While politicians and market forces are slugging out the matter of selling wine in New York supermarkets, a measure that would have allowed grocery stores in Oklahoma to sell wine and high-alcohol beer has failed.
The Senate Business and Labor Committee killed Senate Joint Resolution 62a measure on Monday. If it had passed, it would have gone to a public vote.
Meanwhile, in Washington state the House passed a measure Saturday night, 72-22, to allow grocery stores to offer wine- and beer-tasting events. The bill now goes to the Senate, which passed a similar measure earlier in the day. A pilot project for such tastings expired last September.
The bill passed Saturday allows grocery stores to continue to offer the tastings. Under the measure, wineries and breweries can conduct pouring, bottle signing, and other similar activities in conjunction with a tasting.
In Oklahoma, the measure was introduced by Sen. Andrew Rice of Oklahoma City, the Senate Democratic minority leader-designate. He cited the potential for economic development.

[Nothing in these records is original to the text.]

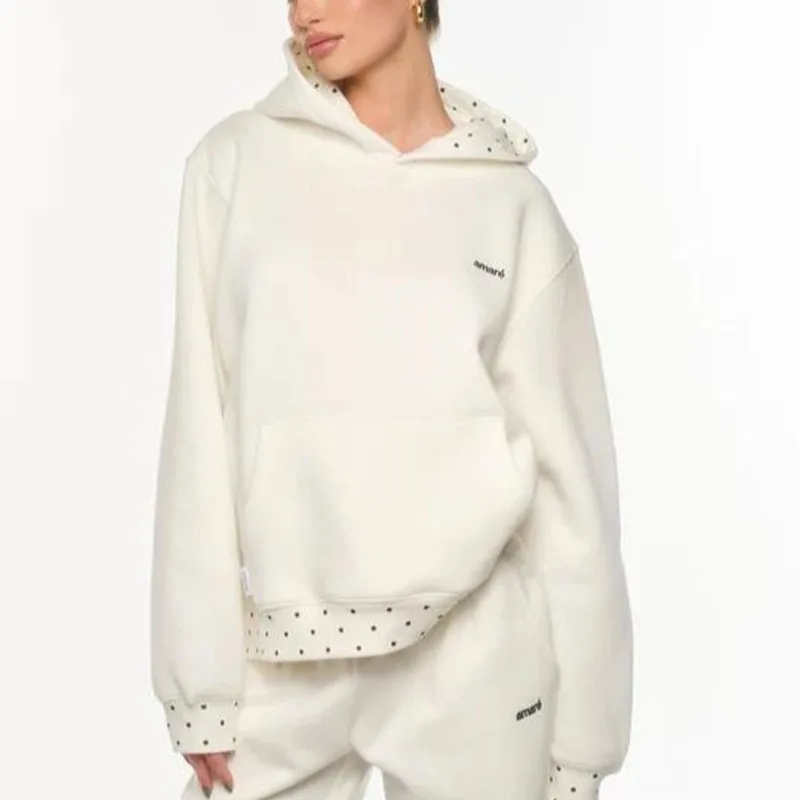 2026 Polka dot print Hoodie Leisure Long Sleeve Korean New Vintage Harajuku Ladies Fashion Pullover Hooded Coat Women Top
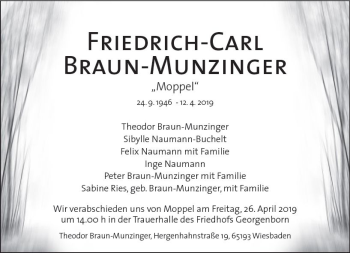 Traueranzeige von Friedrich-Carl Braun-Munzinger von vrm-trauer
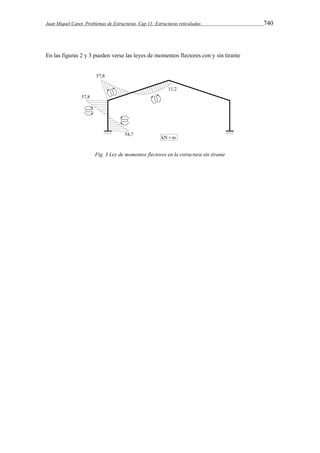 Juan Miquel Canet. Problemas de Estructuras. Cap 11: Estructuras reticuladas 740 
En las figuras 2 y 3 pueden verse las leyes de momentos flectores con y sin tirante 
Fig. 3 Ley de momentos flectores en la estructura sin tirante 
 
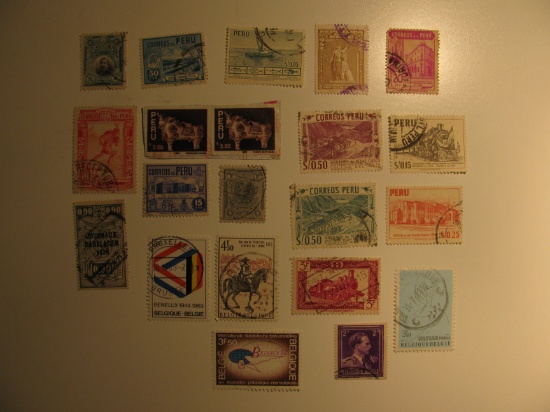 Vintage stamps set of: Belgium & Peru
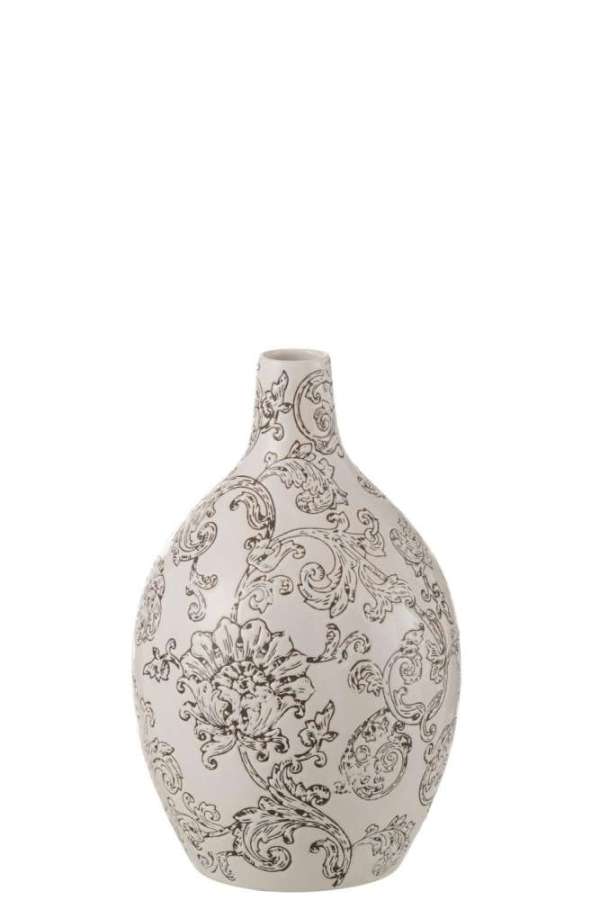 VASE ZEN ROUND PORCELAIN WHITE/BLACK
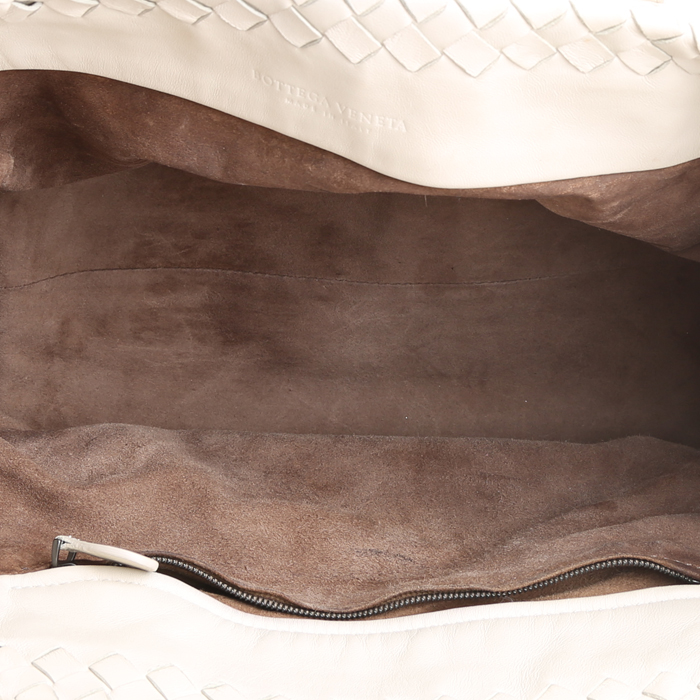 Borsa Bottega Veneta   in pelle intrecciata bianca - Detail D2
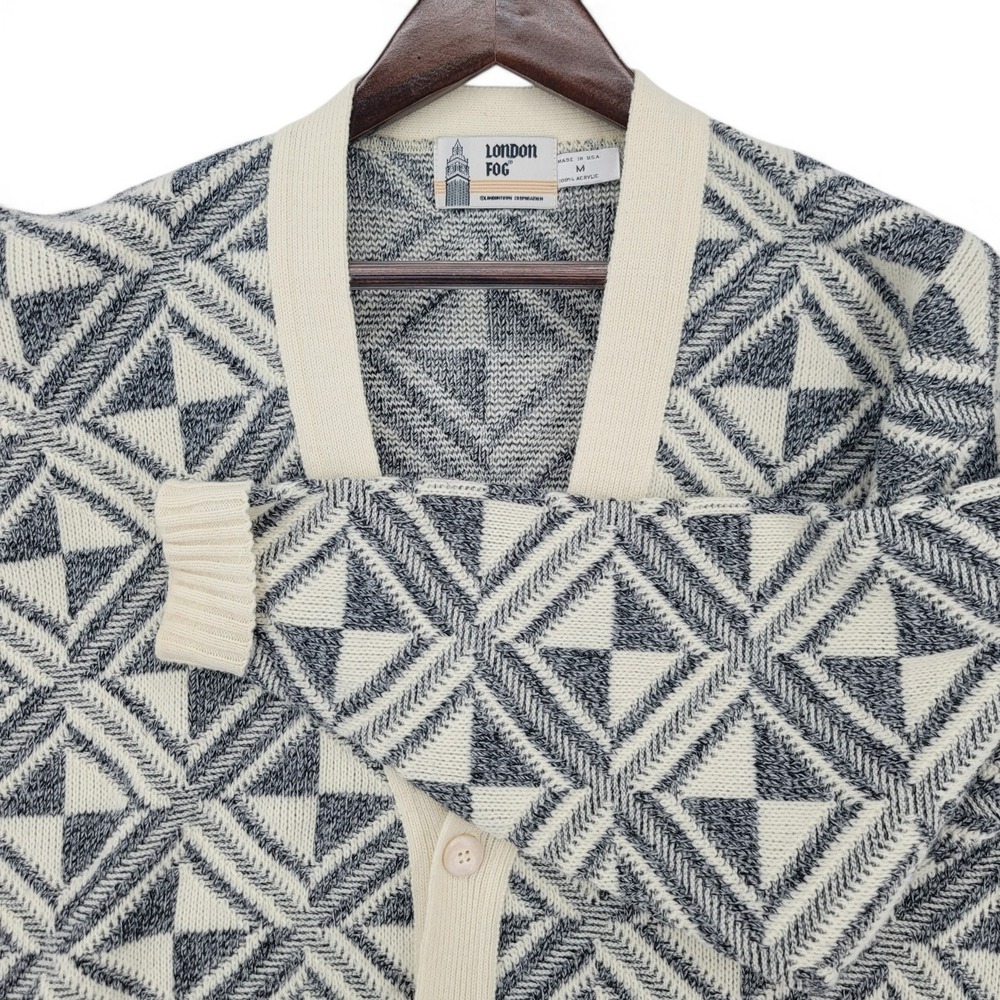 London Fog Mens Medium Cardigan Sweater Acrylic Gray Geometric Vintage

He said Oklahoma's liquor laws are antiquated and predicted his bill would have been passed in a public vote. Because the measure was killed in committee, it cannot be inserted into another measure.
Sen. Dan Newberry, R-Tulsa, said the measure had a number of problems, among them a potential increase in young people's access to alcohol. Sen. Randy Brogdon, R-Owasso, said the measure was discriminatory because it was limited to Oklahoma and Tulsa counties. But, he said, he would have voted against it even if that had beem remedied.